Yeah, it's not as good as the real thing, but it still curbs the craving. A little. Maybe.
Here are some favorites, in no particular order.
Into Thin Air, by John Krakauer An obvious choice, obviously. Perhaps the greatest play-by-play ever, Into the Wild is Krakauer's firsthand account of almost dying on Mt. Everest in the deadliest season the mountain has ever seen. It's raw, it's sad, it's by the same dude that brought you Into the Wild which, basically means it's badass.
The Beach, by Alex Garland. Aside from the fact that Leonardo DiCaprio and company completely butchered the film adaptation of this book beyond all recognition, The Beach is an all around kickass story. Who doesn't want to read about sex, drugs, crazy hippies, video games and Thai beaches while your freezing your ass off in the middle of our great state?
Terra Incognita, by Sarah Wheeler In case you haven't heard, seven women from around the world just completed a 38-day, nearly 600-mile trek to the South Pole (more on that kickass display of girl power here). So, it seems only fitting to include Sarah Wheeler's hysterical account of her time in the blustery bosom of Antarctica. If you think life on the continent is all about research and analysis, think again. In October, Westword writer Jonathan Shikes shed a light on the continent's current scandal involving isolated bloggers revealing their Antarctic antics and their frosty reception. Wheeler's book takes these tales a step further making Terra Incognita the perfect combination between Balto and Animal House on ice.
Downhill Slide, by Hal Clifford Downhill Slide does for skiers what Fast Food Nation did for chronic Big Mac lovers, delves into the complexities of the ski industry and sparing no one. Yeah, it sounds like a downer, but every now and then it's good to chew on some harsh reality. At the end of the day you'll still love riding, you'll just be more attuned to what's really happening in that little snow globe you frequent.

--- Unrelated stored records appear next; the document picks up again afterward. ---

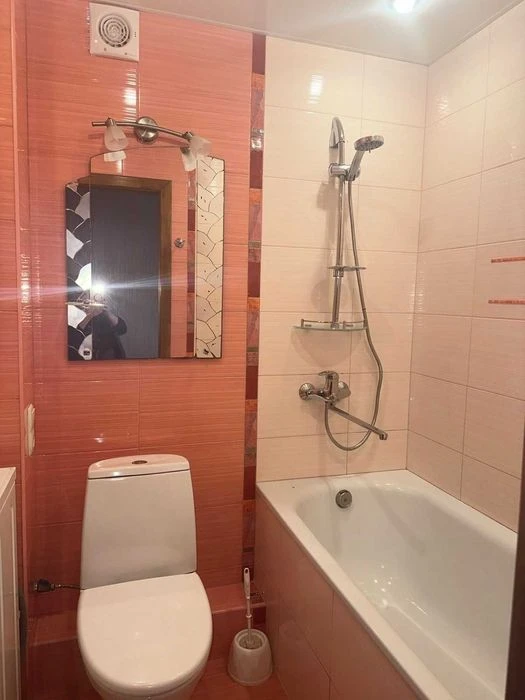 Продам 1 кв ДВУХ БАЛКОНКА,Алексеевка, пр Победы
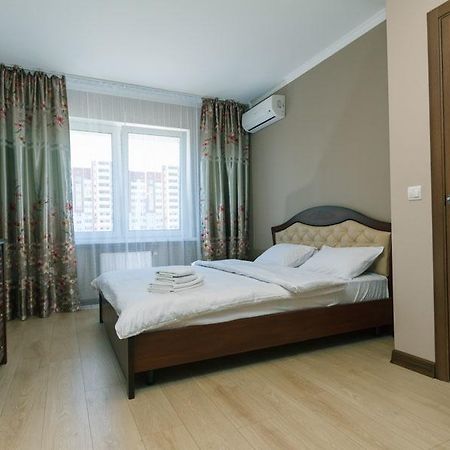 Софии Русовой 7, 13 Kiev Dış mekan fotoğraf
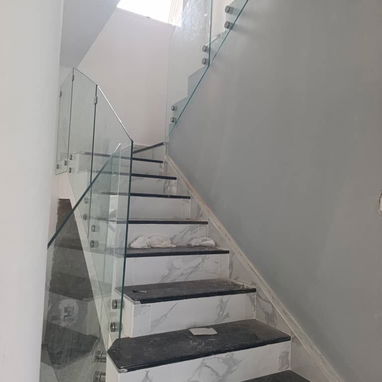 🤩 💯 🔝 🔨 🪛 RECIENTE INSTALACIÓN 🪛 🔨 🔝 💯 🤩 Barandal para escalera, de cristal 10mm, sujetado con Herrajes y tu - Img 122509793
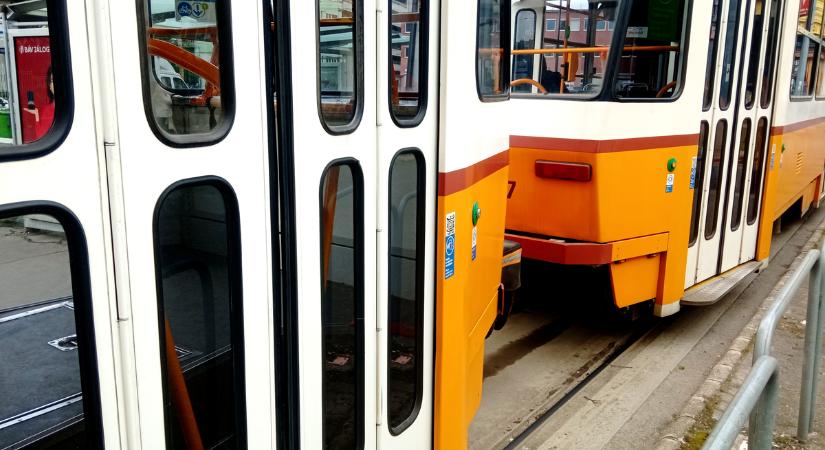 Óriási a baj a Vörösvári úton, megbénult a villamosforgalom is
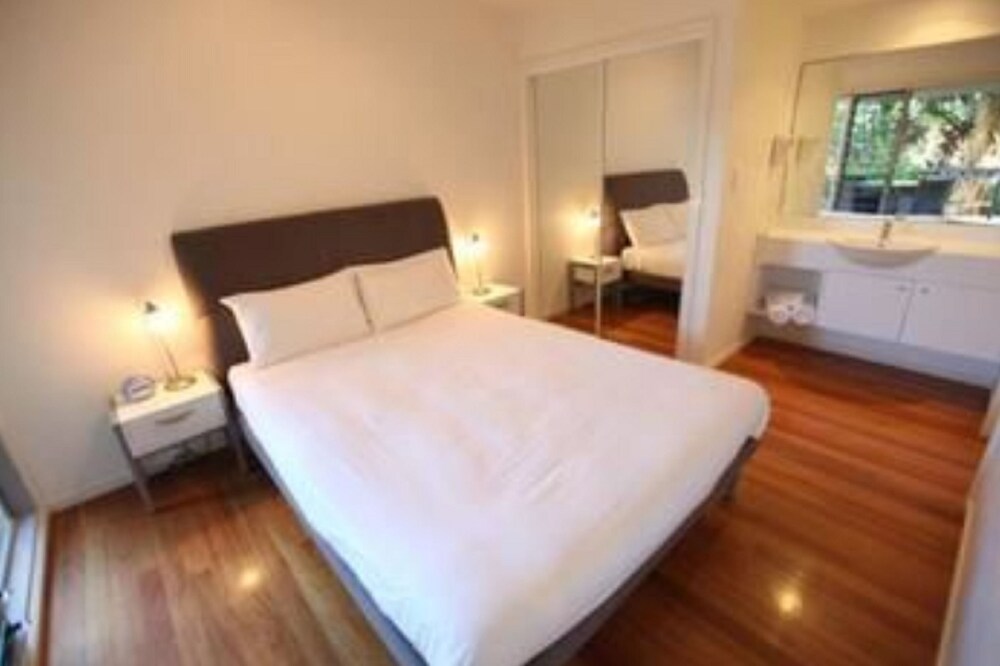 Mobys Beachside Retreat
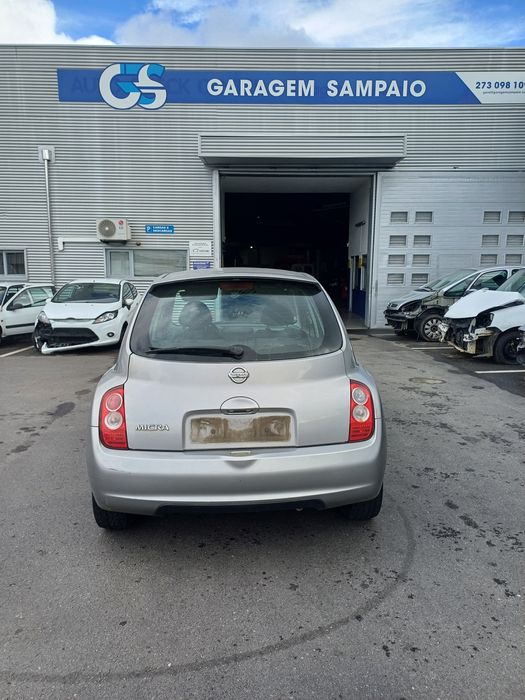 Nissan Micra para peças
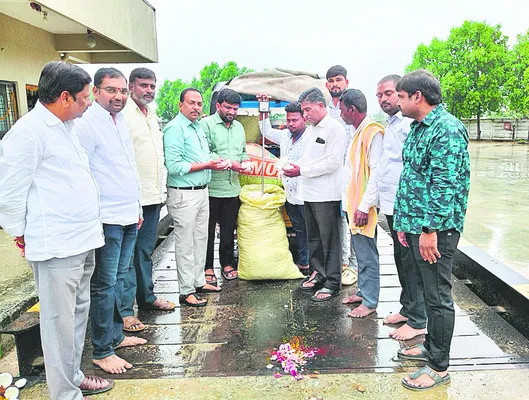దళారులతో మోసపోవద్దు
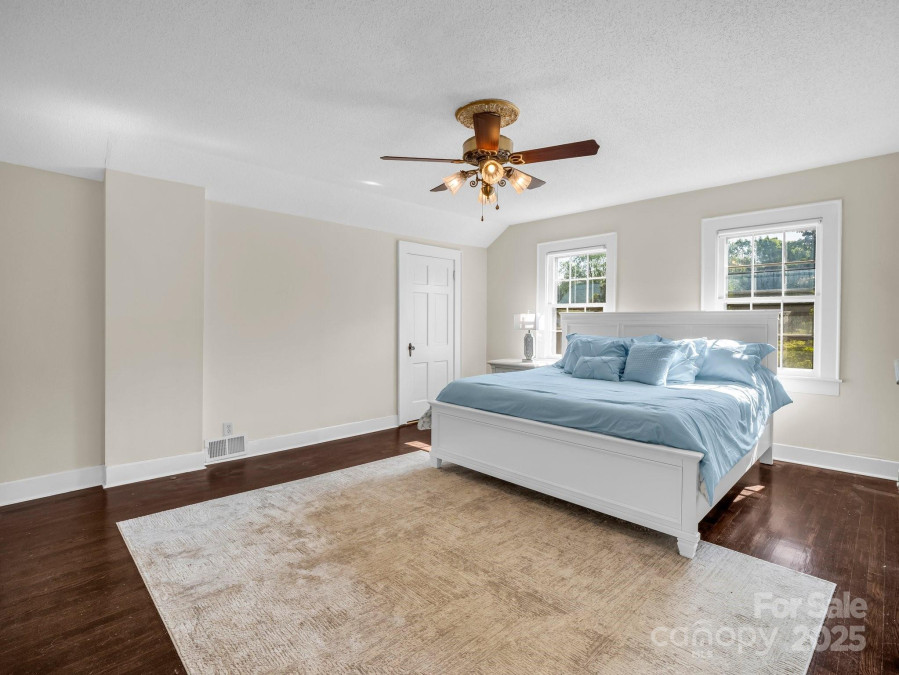 238 Mountain St Rutherfordton, NC 28139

Instant Karma by Wayne K. Sheldrake If you're already lucky enough to be a tried-and-true ski bum, this book is most likely the epitome of your everyday life. But for the rest of us hacking away the day in windowless rooms beneath fluorescent death beams, Sheldrake's seriously entertaining account of life on the slopes provides a glimmer of insight into the lives of those living the dream.